Mainardi se soma a outros jornalistas da Veja (impressa e online) e a outras pessoas que recebem espaço na maior revista de circulação nacional para mover um combate sem tréguas à aprovação do Estatuto da Igualdade Racial, à política de cotas universitárias, à figura de Zumbi dos Palmares, ao Dia da Consciência Negra e, enfim, à causa da reparação das injustiças cometidas contra a comunidade negra ao longo da História brasileira.

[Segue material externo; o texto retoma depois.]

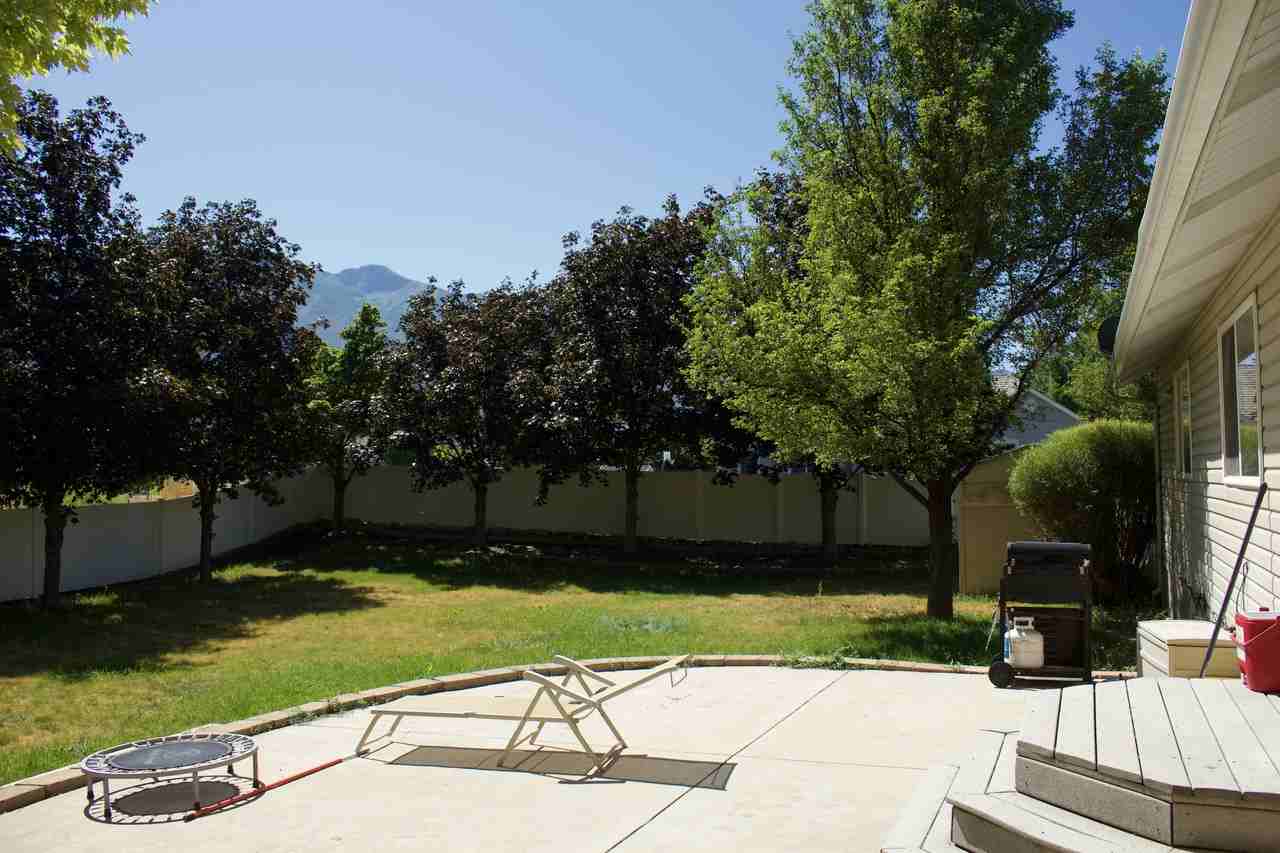 899 S 1650 E - Photo 3 of 4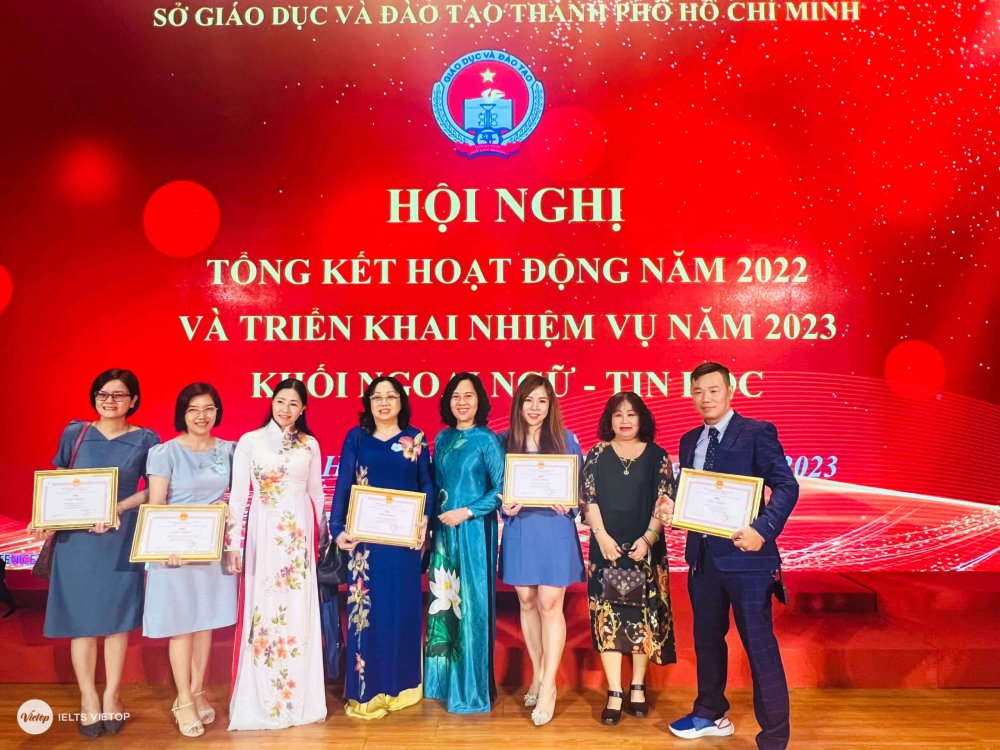 IELTS Vietop cùng những đơn vị Anh ngữ tại Hội nghị tổng kết năm 2022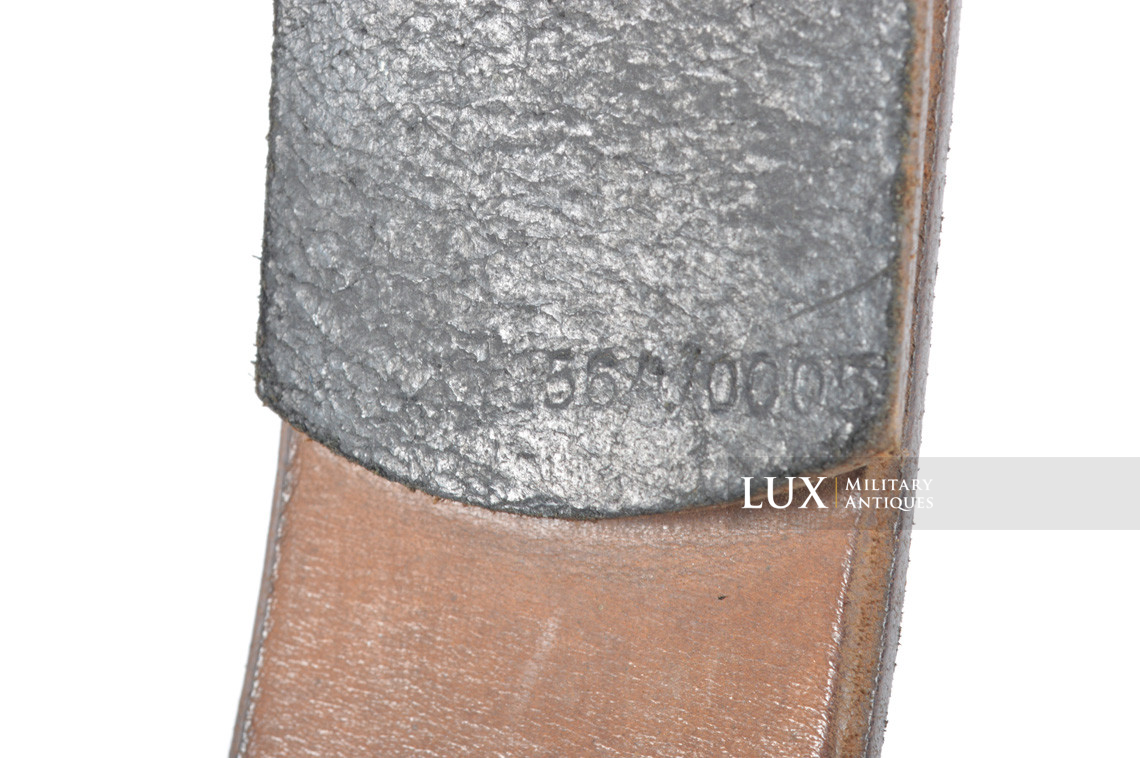 Unissued German late-war leather belt, RBNr « 0/0564/0005 » - photo 9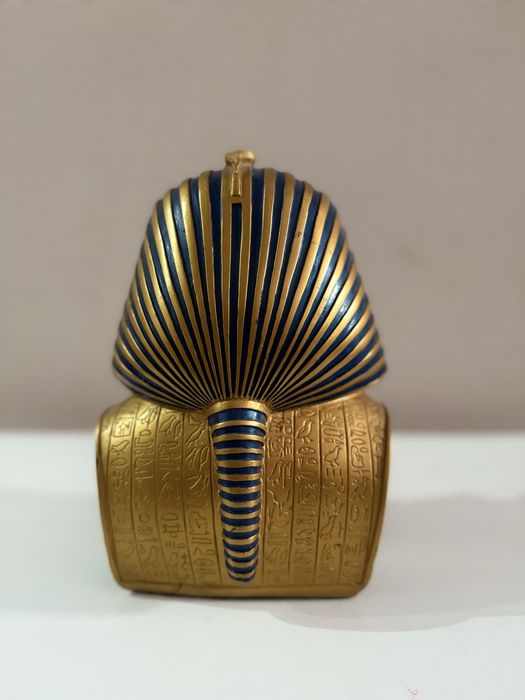 Продам сувенир Фараона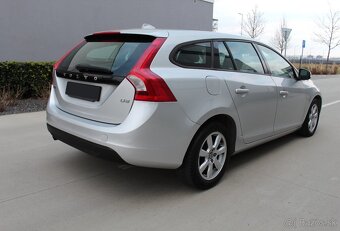 Volvo V60 2.0 D4 Kinetic - 6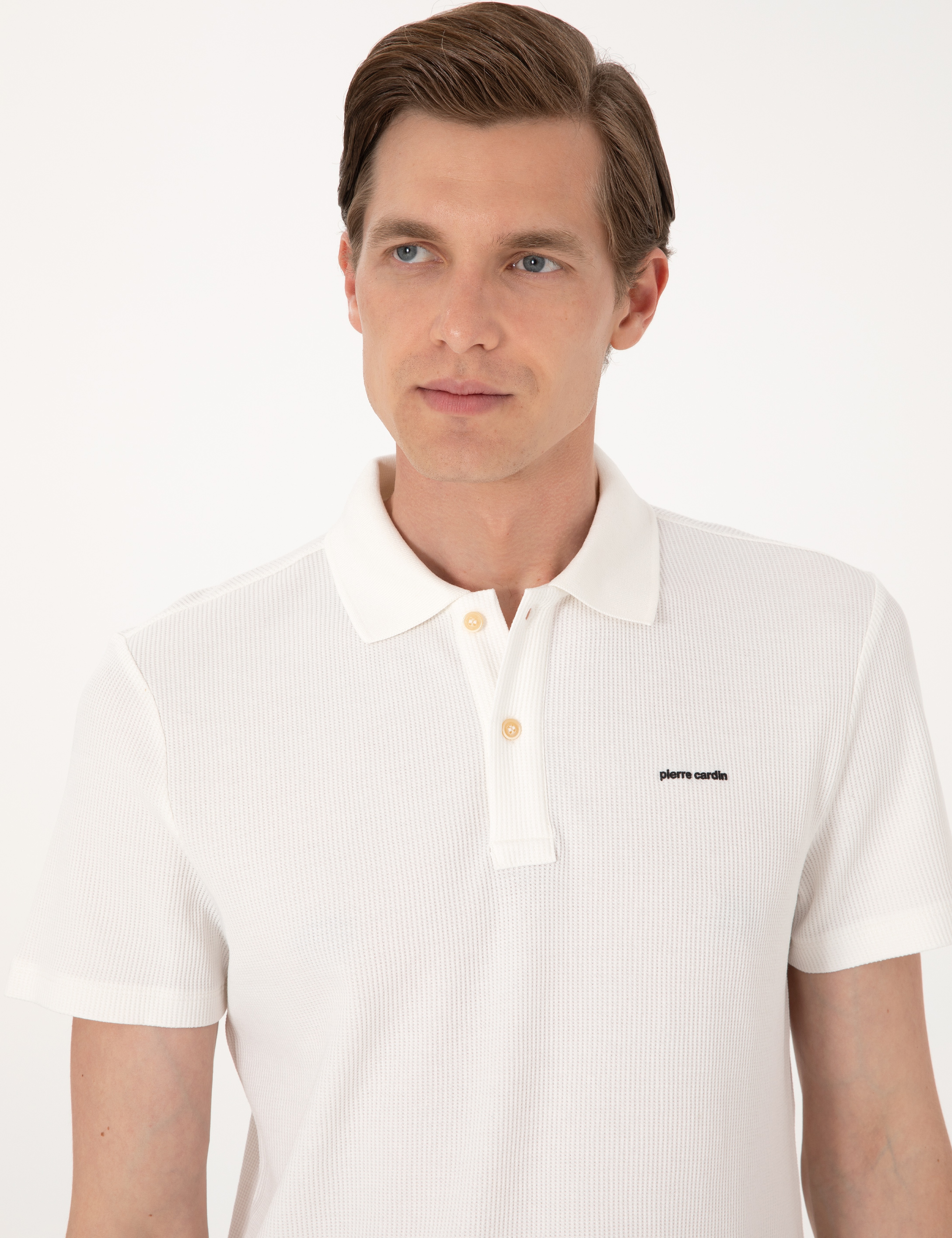 Ekru Slim Fit Örme Dokulu Polo Yaka Tişört - Image 2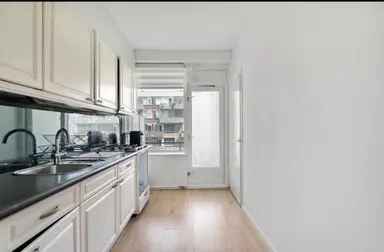70μ² Δωμάτιο προς ενοικίαση για 900€/μήνα σε Kruiningenstraat, Rotterdam
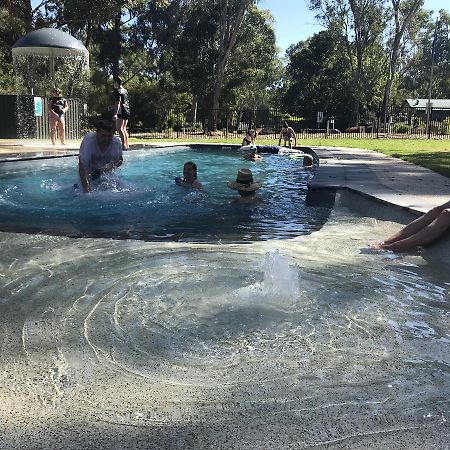 Eildon Pondage Holiday Park Eksteriør bilde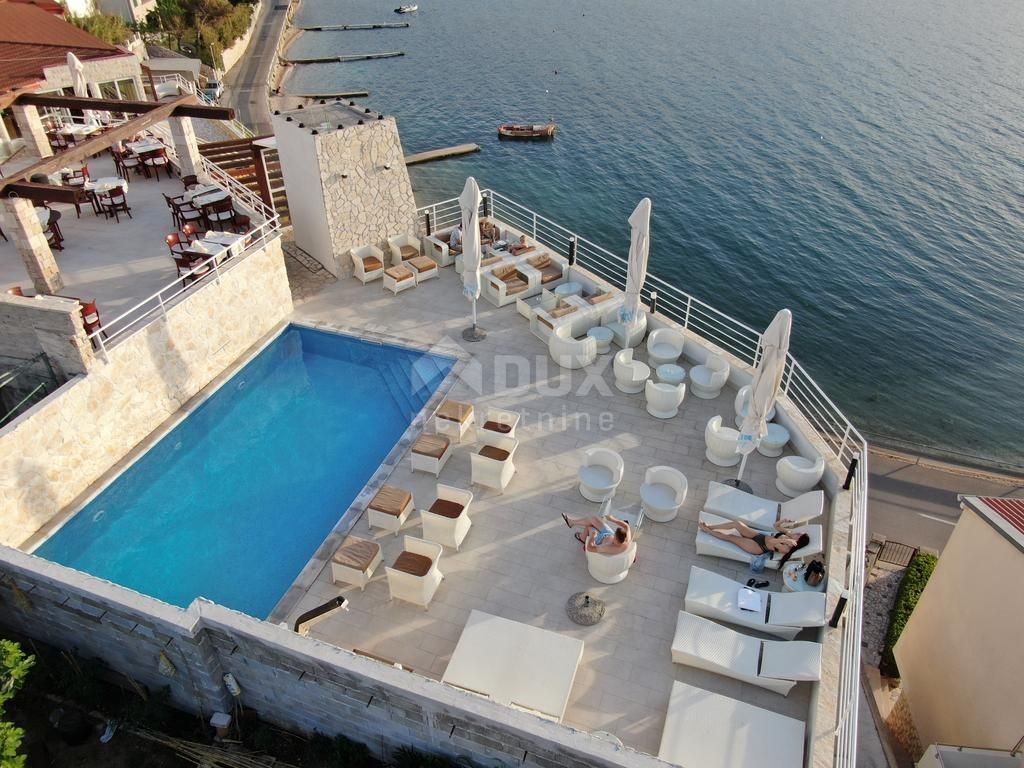 PAG - HOTEL 1 ° FILA AL MARE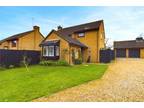 4 bedroom Detached House for sale, The Downs, Wellingborough, NN9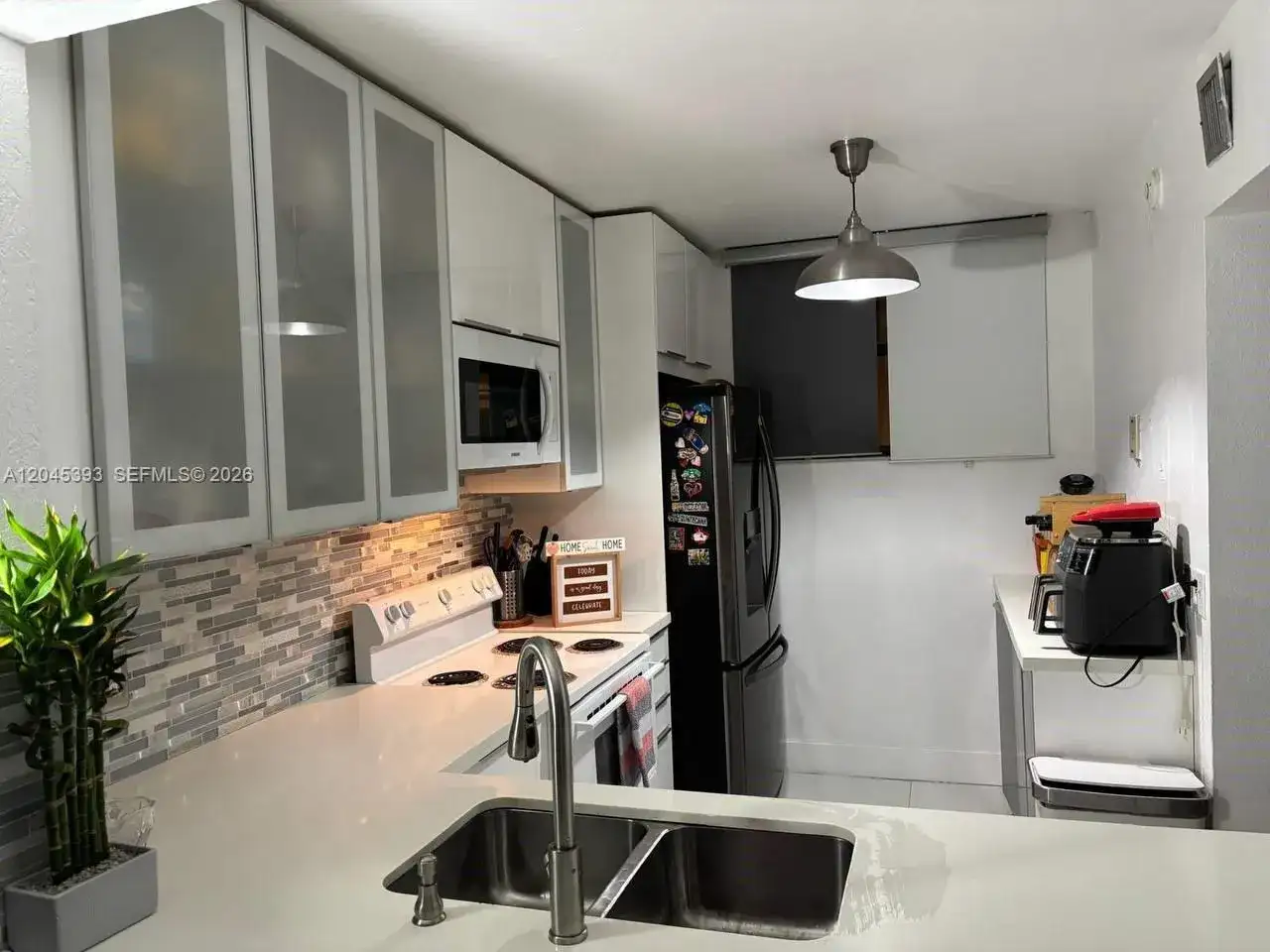 109 Lake Emerald Dr # 105, Oakland Park FL 33309 photo 2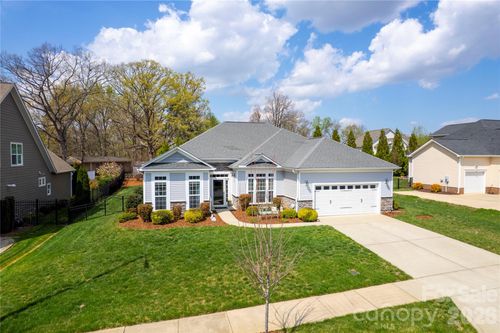 550 Old Speedway Dr Nw, Concord, NC, 28027-5624 | Card Image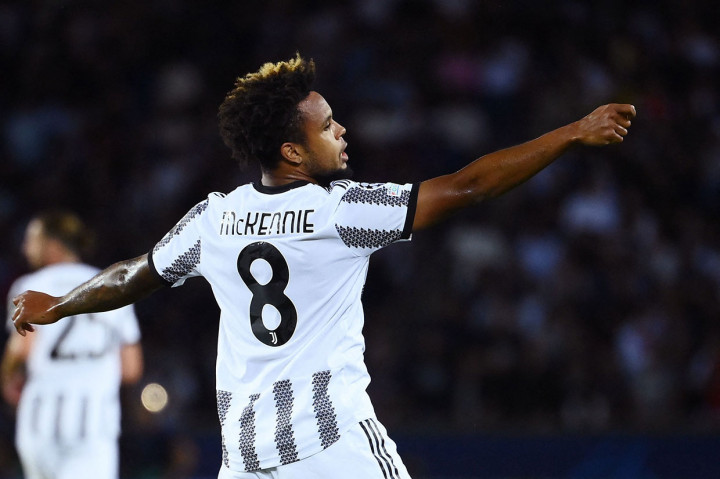 Juventus berhasil memperkecil ketertinggalan menjadi 1-2 pada menit ke-53. Weston McKennie yang baru masuk awal babak kedua merobek gawang Donnarumma lewat sundulan yang didahului sepak pojok.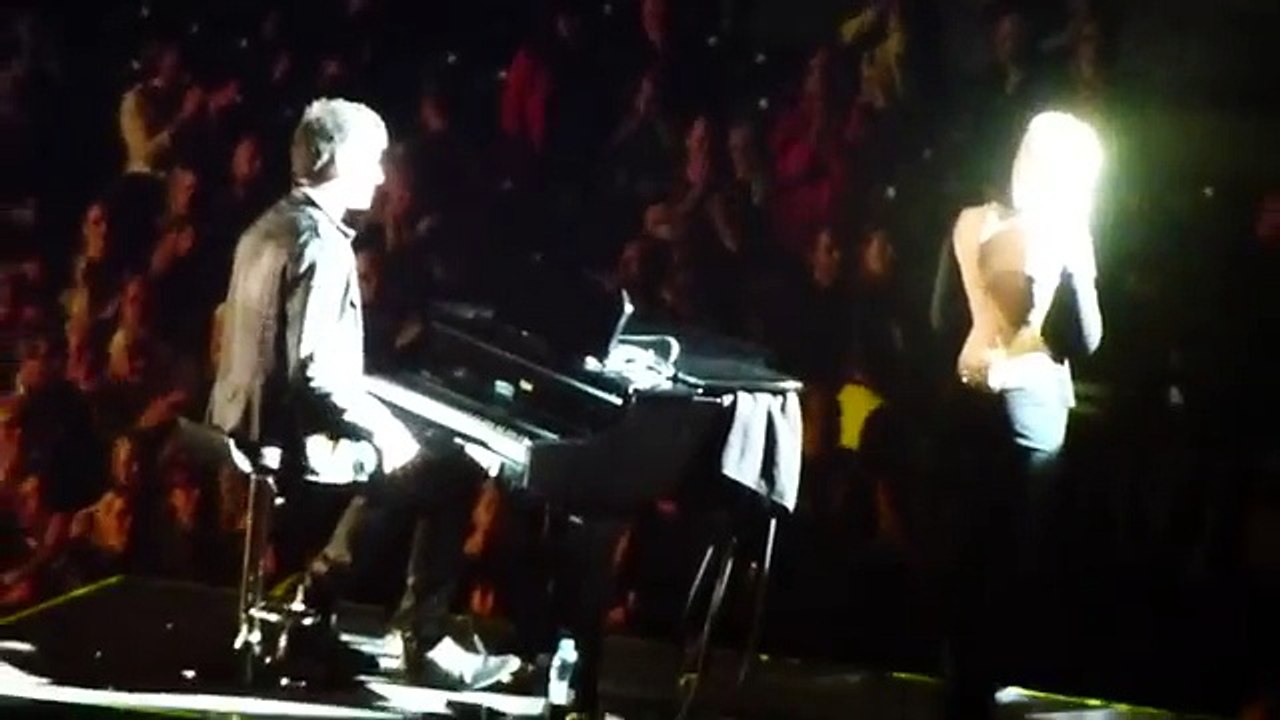 Helene Fischer In the arms of an angel + Du lässt mich sein so wie ich bin (Basel 2013)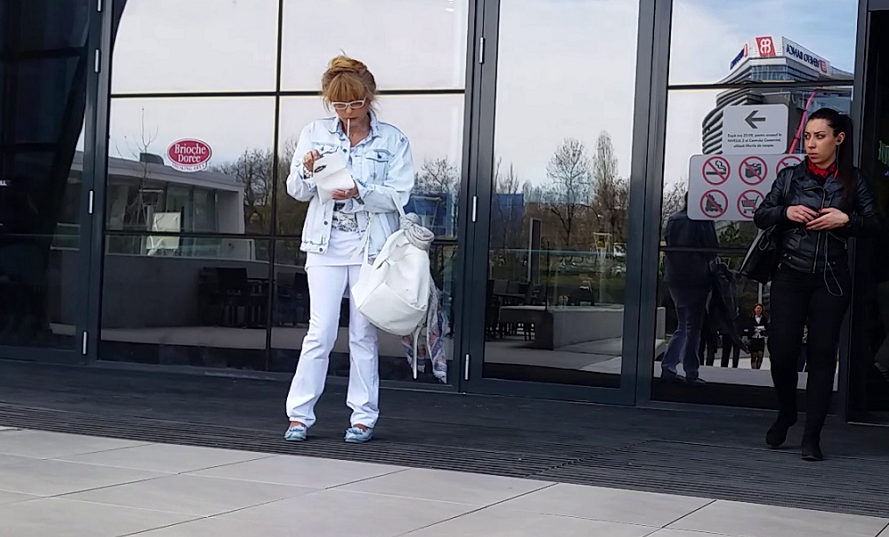 A iesit din mall ca sa-si ia doza de tutun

Entremeando afirmações tendenciosas e citações do livro “Não Somos Racistas” (acredite quem quiser…) do guru do combate ao movimento negro brasileiro, o diretor de Jornalismo da Rede Globo, Ali Kamel, Mainardi se mostra ainda mais parcial quando tenta apoiar sua tortuosa racionália numa frase do senador de ascendência africana Barak Obama:
“Se olharem minhas filhas, Malia e Sasha, e disserem que elas estão numa situação bastante confortável, então (raça) não deveria ser um fator. Por outro lado, se houver um jovem branco que trabalhe, que se esforce, e que tenha superado grandes dificuldades, isso é algo que deveria ser levado em consideração.”
Tratou-se de um comentário superficial e meio confuso, proferido durante um debate eleitoral. A conclusão de que Obama “quebrou um tabu e defendeu abertamente o fim das cotas raciais” é uma óbvia forçação de barra. Mainardi subestima a inteligência dos seus leitores.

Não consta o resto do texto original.